This article over at EuropeanVoice.com discussing Georgia-Europe relations has recently come to my attention. The author of the article purports to be a Central and Eastern Europe correspondent for the The Economist magazine but declines to give his full name. Still, the article does indeed read a lot like the typical article on Georgia at The Economist lately, which seems to have foregone even a thin mantle of objectivity and factual reporting, and resorted to printing fawning eulogies of the Saakashvili regime which sound like they were made to order. A typical example of this particular genre can be found here.

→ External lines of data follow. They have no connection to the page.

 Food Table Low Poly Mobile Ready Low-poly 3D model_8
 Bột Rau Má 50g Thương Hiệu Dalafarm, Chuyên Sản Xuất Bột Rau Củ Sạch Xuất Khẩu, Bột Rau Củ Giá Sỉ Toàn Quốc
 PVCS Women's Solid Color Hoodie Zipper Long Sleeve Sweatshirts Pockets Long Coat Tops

The central message of the above mentioned article is that Europe should ignore Georgia’s many human rights violations, democratic shortcomings and unpredictable foreign policy, and instead close ranks with its errant Caucasian “ally” yet again. If Europe refrains from backing Georgia we are told, this will amount to “appeasement” of Russia, which according to the article, will set a “dangerous precedent.”Apart from peddling this simplistic, zero-sum geopolitical narrative coated in Cold War-esque language, the article itself is also so full of omissions, distortions, half truths and downright falsehoods about the current political situation in Georgia, that I don’t really know where to start.
For example, the author starts out by describing the reaction of the Georgian government to recent opposition protests which culminated in a violent crackdown and several dead protesters on the 26th of May as “exemplary”, and goes on to tow the government line that casualties were wholly to blame on the activities of the opposition, despite available evidence to the contrary. While the author is right to dismiss the outlandish claims by the Georgian opposition that the country is a dictatorship, the author nonetheless ignores Georgia’s falling ranking with regard to democratic openness, freedom of speech and corruption, as recorded over the last couple of years by Freedom House, Reporters Without Borders, and Transparency International.

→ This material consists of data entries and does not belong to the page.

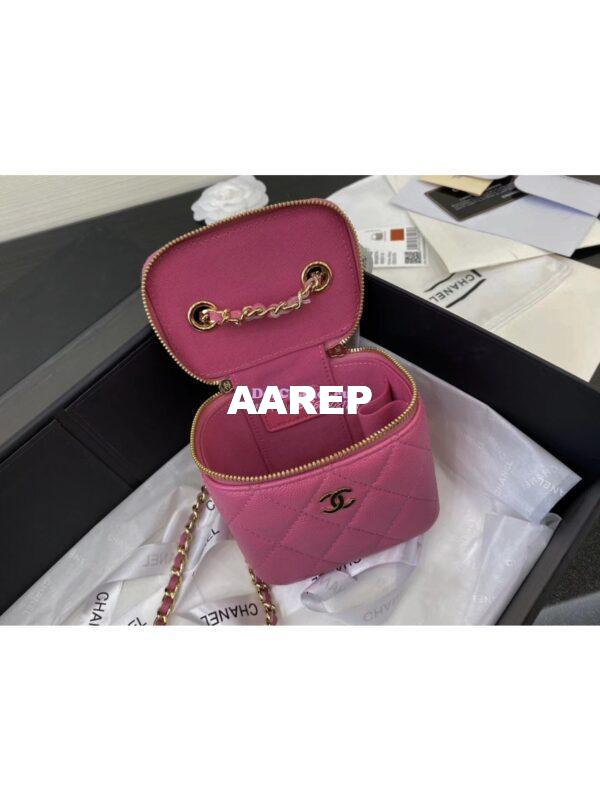 Replica Chanel Mini Vanity With Classic Chain in Grained Calfskin AP1340 Pink 7
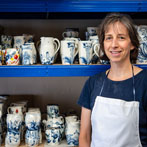 Mia Sarosi at work in her studio 2019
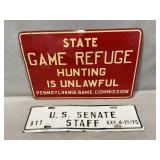 PA Game Commission Sign, U.S. Senate Staff Car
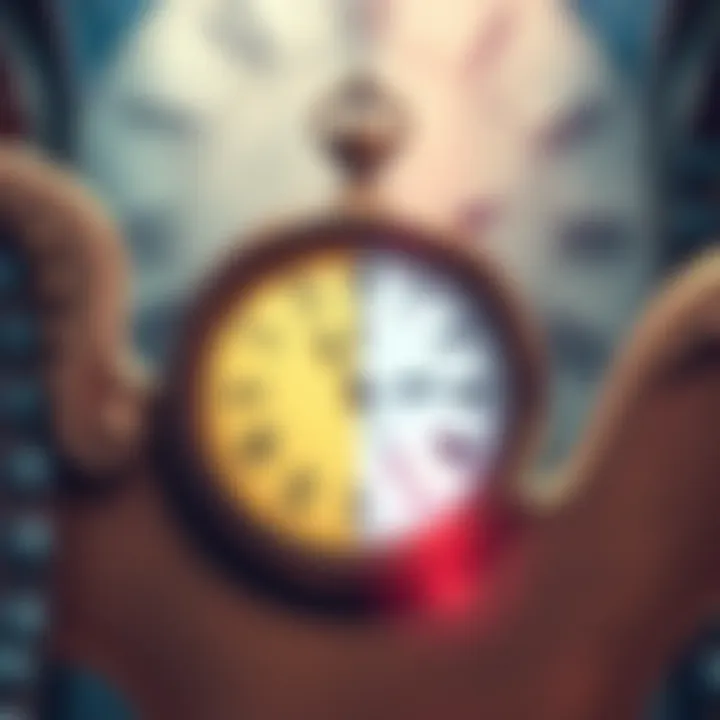 An illustration showing a clock representing quick progress alongside an ancient clock representing long timelines, symbolizing the contrast in mastering RCT domains.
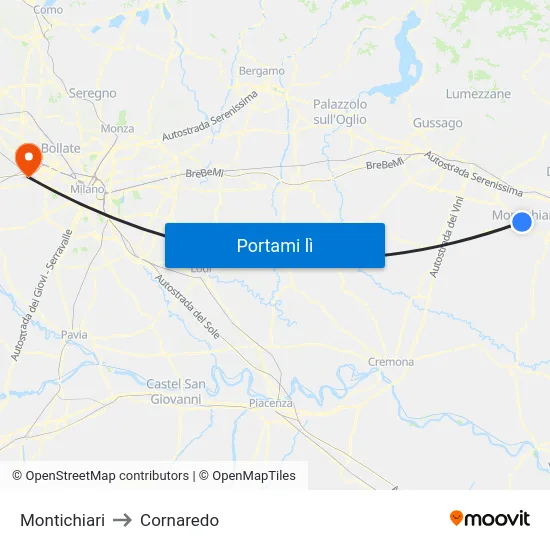 Montichiari to Cornaredo map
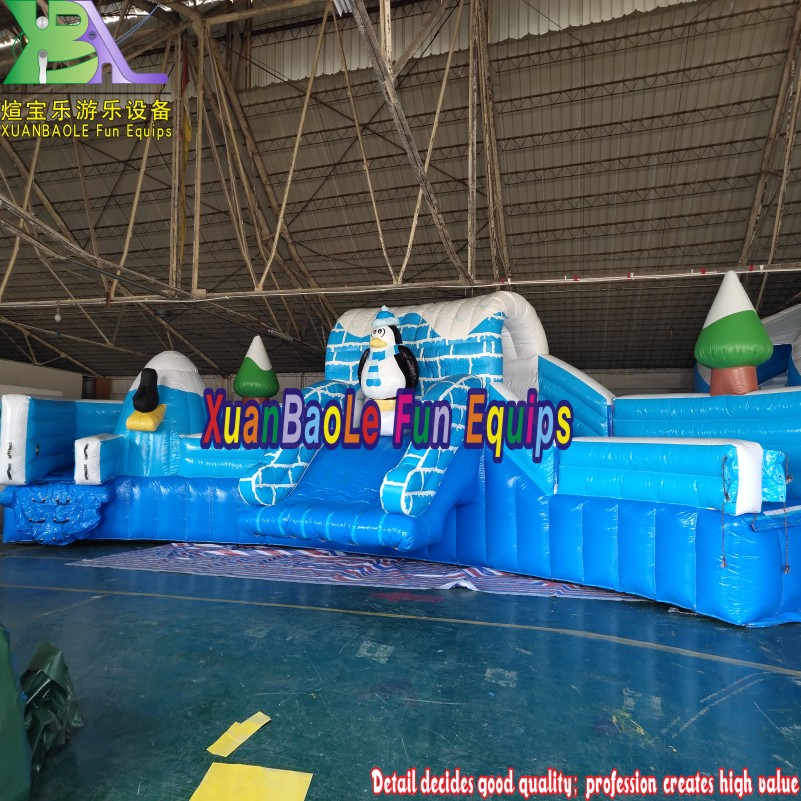 Ice and Snow World Theme Inflatable Water Slide Water Park Playground with Swimming Pool 9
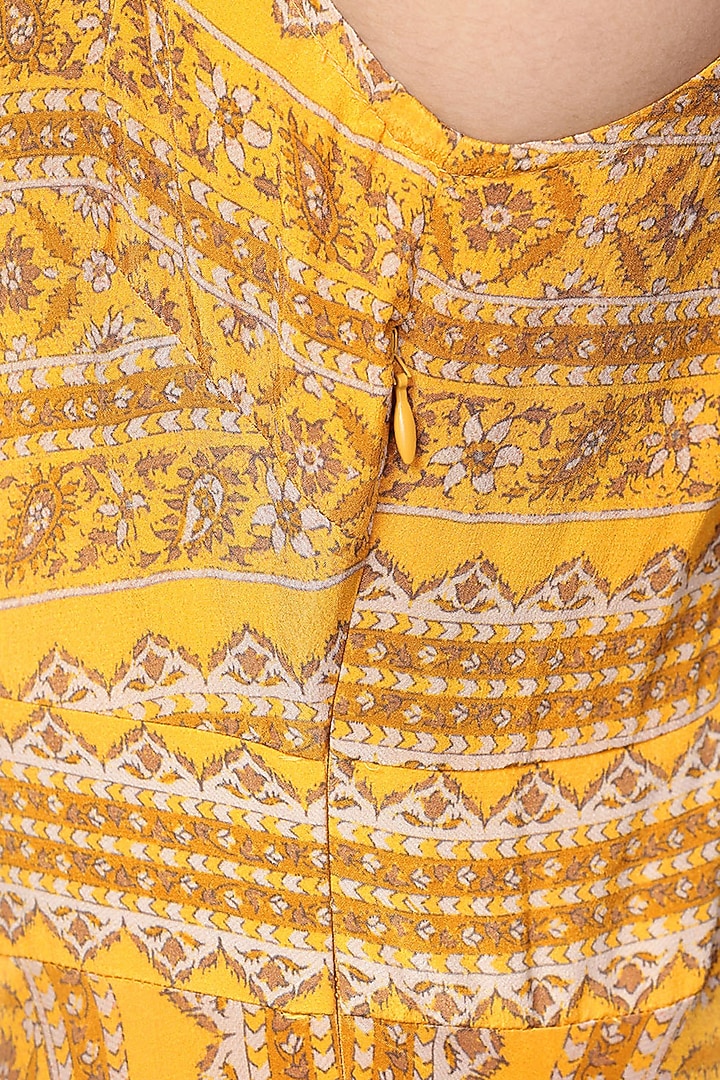 Yellow Viscose Crepe Digital Printed Maxi Summer Dress by Ritu Kumar at Pernia's Pop Up Shop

Moreover, the author praises Georgia’s “diplomacy” towards its breakaway republics Abkhazia and South Ossetia, while declining to mention that it was cut short by the 2008 August War which Georgia fought with Russia and the separatists over these territories, a war which even an independent EU inquiry of the events has concluded was initiated by the Saakashvili regime. Apart from nearly leading to a full blown crisis in relations between Russia and the West, this war also extinguished what little trust there had been between Georgia and the populations of the two breakaway territories, making the prospect for Georgia to “win back” the “loyalty” of these territories a near impossibility for the foreseeable future. Georgia’s latest efforts to meddle in the volatile North Caucasus has also caused considerable concern among Georgia’s Western partners, in addition to apprehension in the North Caucasus about Georgia’s true motives.

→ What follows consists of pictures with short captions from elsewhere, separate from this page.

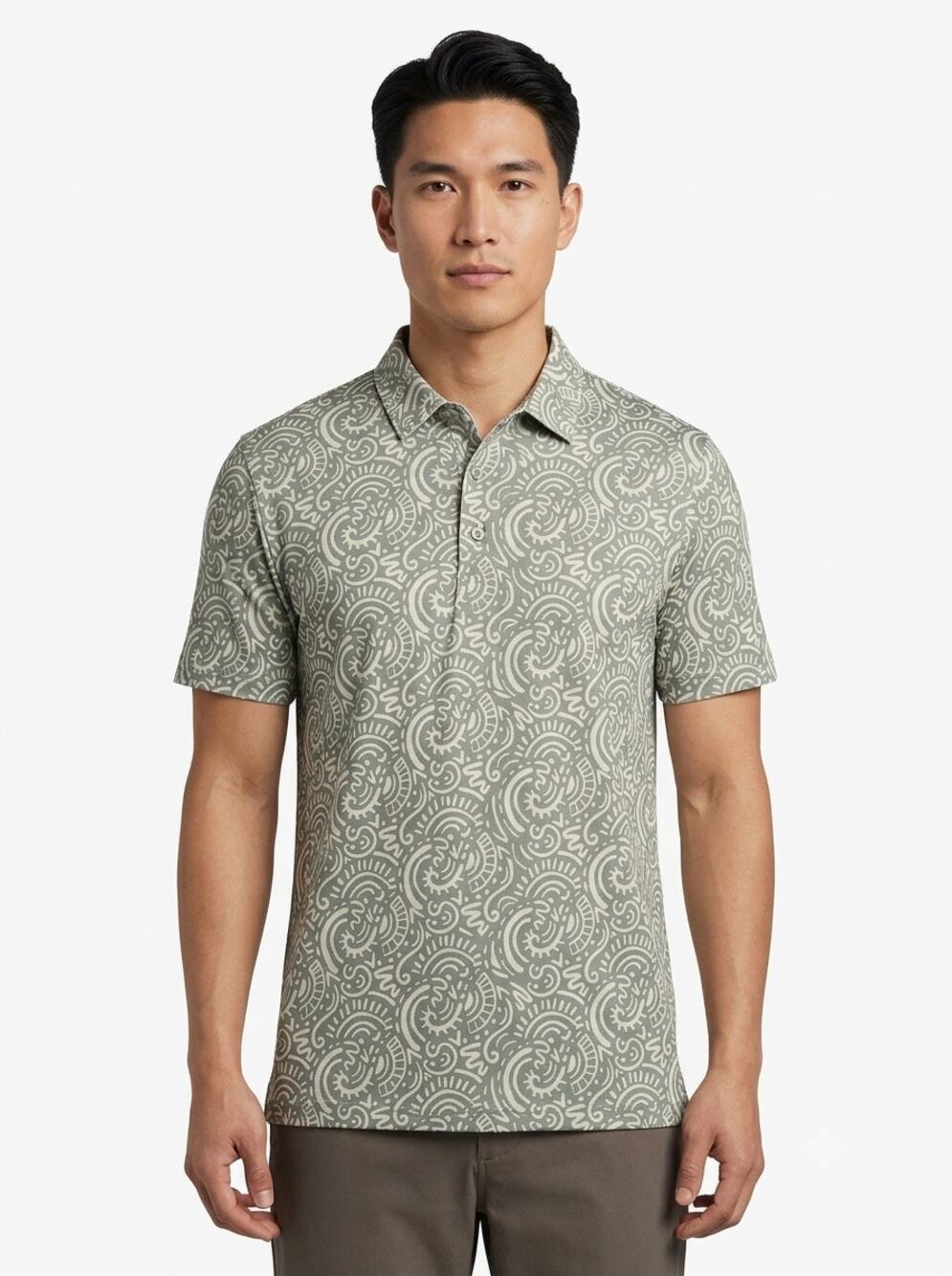 NWT Chubbies Performance Polo 2.0 Shirt Men's S The Screen Saver Green Aztec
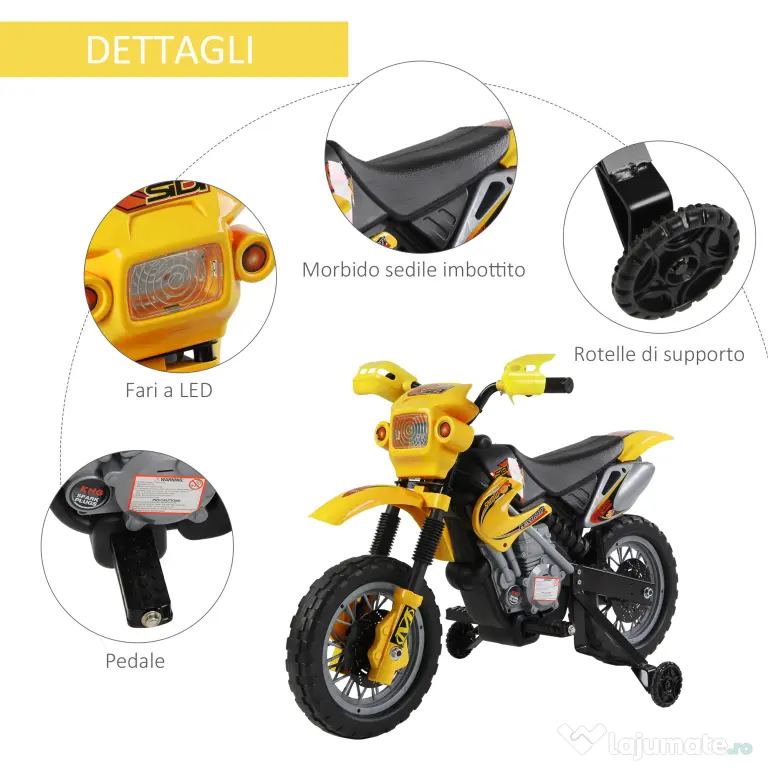 Homcom Moto Cross Electric Copii – Galben cu Rotite Laterale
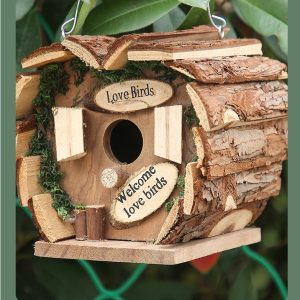 Rustic New Zealand pine hanging birdhouse with Love Birds design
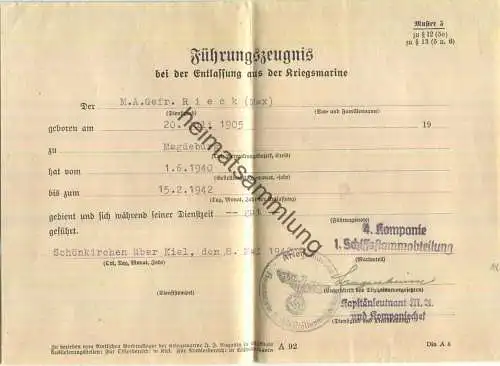 Führungszeugnis bei der Entlassung aus der Kriegsmarine 4. Kompanie 1. Schiffsstammabteilung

Furthermore, the author’s insistence that Georgia is a “free-market, law-governed, multi-party success story, the next stop after […] South Korea” is very hard to take seriously. This is especially since the Georgian government is known for its heavy handed state-led approach to economic development, including pressuring private investors with extraordinary tax claims and entrapment in politically motivated anti-corruption stings. The courts in Georgia are also bedeviled by a lack of independence and have a near 99% conviction rate, unheard of in any developed democracy. Instead of having a vibrant multi-party political system, Saakashvili’s United National Movement dominates the parliament of Georgia, making the country a de facto one-party state. Smear campaigns against the political opposition are also increasingly commonplace, and a string of bombings in the capital Tbilisi and other towns ostensibly blamed on Russian security services operating out of breakaway Abkhazia might actually turn out to be a false flag operation involving the Georgian government. If that indeed turns out to be true, it would not be the first time.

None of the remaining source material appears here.